DE LOS ASTROS AL BOLSILLO
En la prehistoria no había necesidad de medir el paso del tiempo de una manera especialmente minuciosa. A los cazadores-recolectores les bastaba con estar preparados de cara a ciclos que, según observaron, se repetían en términos que hoy llamaríamos anuales. Habían comprobado que cada equis tiempo aparecían señales celestes y climáticas que anunciaban hitos importantes para su subsistencia. Por ejemplo, la llegada del frío y las nevadas, la fructificación de las plantas silvestres o las temporadas de apareamiento y cría de los animales salvajes.

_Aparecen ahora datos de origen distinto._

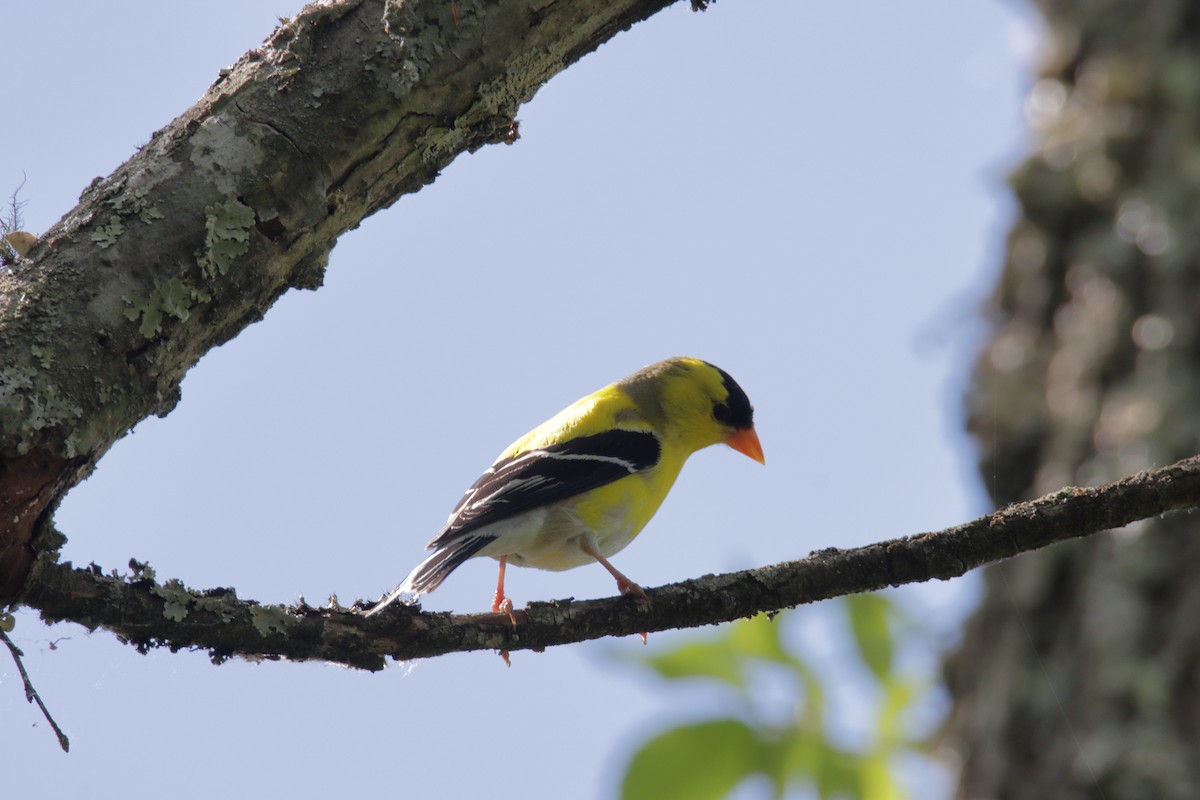 American Goldfinch - ML235894931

De ahí que, hace unos treinta milenios, a los creadores de los primeros calendarios les bastara con indicar apenas los cambios lunares y estacionales, según el gemólogo y especialista en horología histórica Eric Bruton. Marcaban estos fenómenos con los elementos a mano, fuesen piedras, palos, huesos o conchas marinas. Hasta que, en torno al año 10.000 a. C., una transformación profunda hizo dar un paso de auténtico gigante a este rudimentario cómputo cronológico.
Hablamos de la revolución agropecuaria, que llevó a mudar por completo el estilo de vida. Ya no hacía falta desplazarse en busca de bayas o presas. Un mismo territorio, bien trabajado y pastoreado, podía producir alimento una y otra vez.